Mark up on bikes isn't much.. usually around 50%; meaning that a bike which retails for $3000 usually costs the dealer about $2000 (that's before taxes and S&H). Not much money is actually made off of selling a new bike.. much more from repairs and P&A.
Parts have a more structured MSRP than bikes, most distributor catologues list the retail price and wholesale is half of that; 100% markup. Most shops sell new parts for a little under suggested reatil (where I live at least).
Pro Deal is getting the part/bike straight from the manufacturer. Typically is around Wholesale minus 30-40%. Once again, a lot of bikes don't get much more than Wholesale -25%, but parts where R&D is a large fraction of the cost of the product (helmets are a good example) can be up to Wholesale -50%


----------



## Mark McM (Jun 18, 2005)

*Margins on bicycles fuzzier than on other products*

Calculating the true margins on bicycles is a bit fuzzier than for other products. While bicycle have the same types of overhead costs typically found on other products, unlike most other products a bicycle does not arrive at the retailer fully assembled and ready to sell. The dealer must unpack the bike and do the final assembly and adjustment - and this has real cost to the dealer, and cuts into the available margin. Different bicycles will require different amounts of labor to assemble and adjust - some suppliers delivery their bikes almost fully assembled and ready to go, and other suppliers delivery the bikes only partially assembed, so you can't necessarily compare the margins on two bikes sitting side by side on the dealers floor. There aren't many industries that still operate this way, but it is one of the things that makes the bicycle industry a bit unique.

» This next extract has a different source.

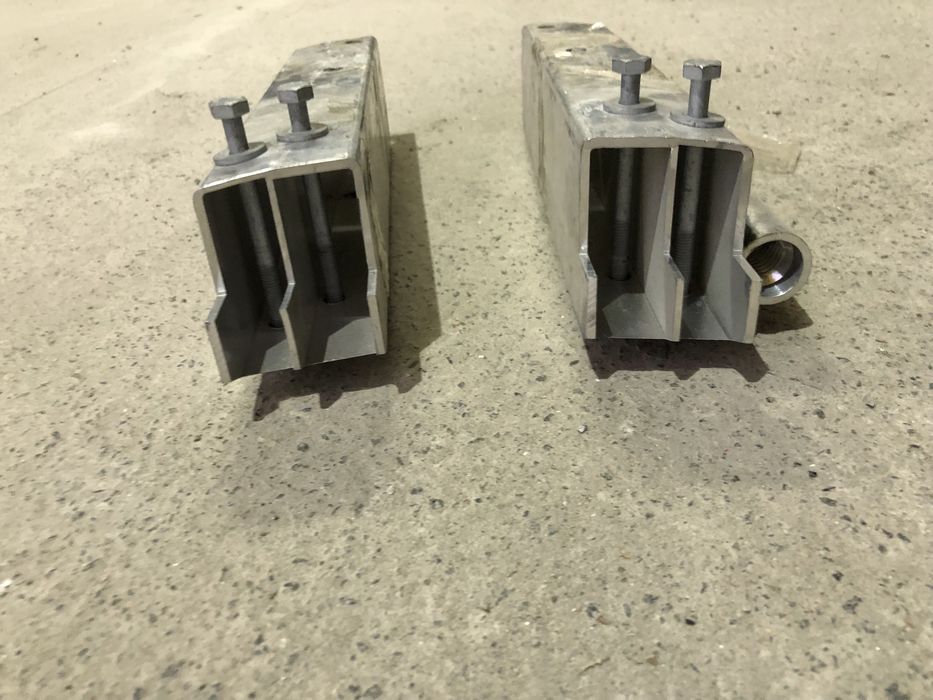 Крепления усилителя заднее q5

I'm sure Rich can expand on this (and the amount of headache it causes).


----------



## Tino Chiappelli (Apr 25, 2005)

teoteoteo said:


> The bike shop does not pay pro deal price on a helmet. Pro deal is a percentage OFF the normal price (usually 20%) that is offered to employees. Pro deal is typically a direct transaction between the employee and the manufacturer.


Exactly...

For what its worth, most companys that offer a 'pro deal' classify it as a marketing expense, so they are able to rationalize the cost (read: loss of money) of it as a tool to push the product/brand. In most cases, pro deal cost is substantially lower than wholesale & sometimes it is even lower than the COG to the company selling it.

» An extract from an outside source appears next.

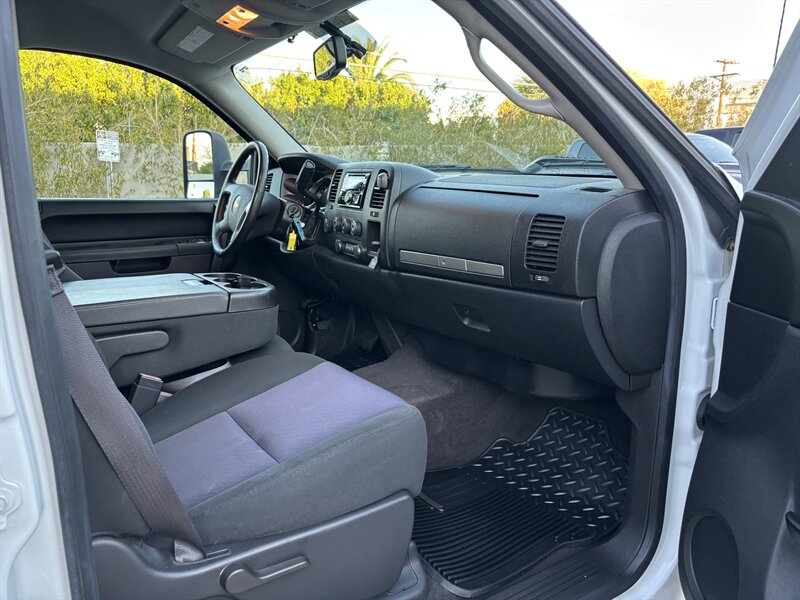 2013 Chevrolet Silverado 2500 DIESEL TRUCK 4WD 80K MI CHEVY SILVERADO 2500 4X4 - Photo 18 - Scottsdale, AZ 85257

Trust me, everyone in the industry would LOVE to have that kind of markup, to buy for $50 & sell for $150...unfortunately, that's not the case. 

Bike margins are typically in the mid 30% range, and that's before shipping/labor/salesperson wages/long-term service agreement/etc.

We are not in this industry to get rich, that's for sure...


----------



## Howzitbroke (Jun 1, 2005)

Yeah bike assembly is a pain. The ones that come "nearly floor ready" blow. Generally I would spend time taking things apart and properly lubing and then reassembling. Not that I couldn't just slap them together as designed they just don't perform as well. Housing often needs to be resized, hubs adjusted, ,deraileur hangars straigheted after shipping, headsets need lube, pull the crankarms to make sure BB is tight/threads lubed. Brake pads are never aligned, posts and bolts not lubed. Takes a good wrench about an hour to 1.5 to do the job right. That same wrench could have built a wheel for which we charged $30, changed 7-8 flats at $10 ($5 tube/$5labor) each for 10 mins of labor. Granted its is not really labor lost but time and responsiveness to the customer who want repairs back quicker. Where it gets funny is cheap bikes take far more time to get them working right. Brakes in particular stink because mfgrs. cut corners with brands on them. A $250 bike cost about $140 in the box from the mfgr. (Assume free shipping cause you only buy these in bulk) If you ship an individual $250 bike you add $35. It already hurts. Now put it together for maybe a lost $40 (low side on a slow day). Does $180-$215 into a $250 bike sound right? It is. 

Suspension bikes need to be set up right, disc brakes can be a pain too because the mounts need facing, some times they simply aren't welded square, it is just a part of life wrenching though. It is much more enjoyable to build a frame up from scratch, with 105,Ult. DA, Centaur, Chorus, Rec and just do it right the first time. That was the direction I was going with the shop, custom builds based on your budget I just said hey it's really time to ride. I was swapping parts (saddles, stems, bars for width) at cost on stock bikes to make them fit the customer properly and eating $ there too because you replace OEM or MFGR brand bits with say Salsa parts and the the OEM bits only sell cheap if they ever move at all. Lets face it a good shop will fit you, and you as a consumer deserve it but like many things in the bike world it is expected to be included. I'm done with it as a business, and I'm glad to be. I still tinker and wrench, and always will. 

I was laughing with a regular the other day showing him some of my wholesale prices vs. what is easily found online.


----------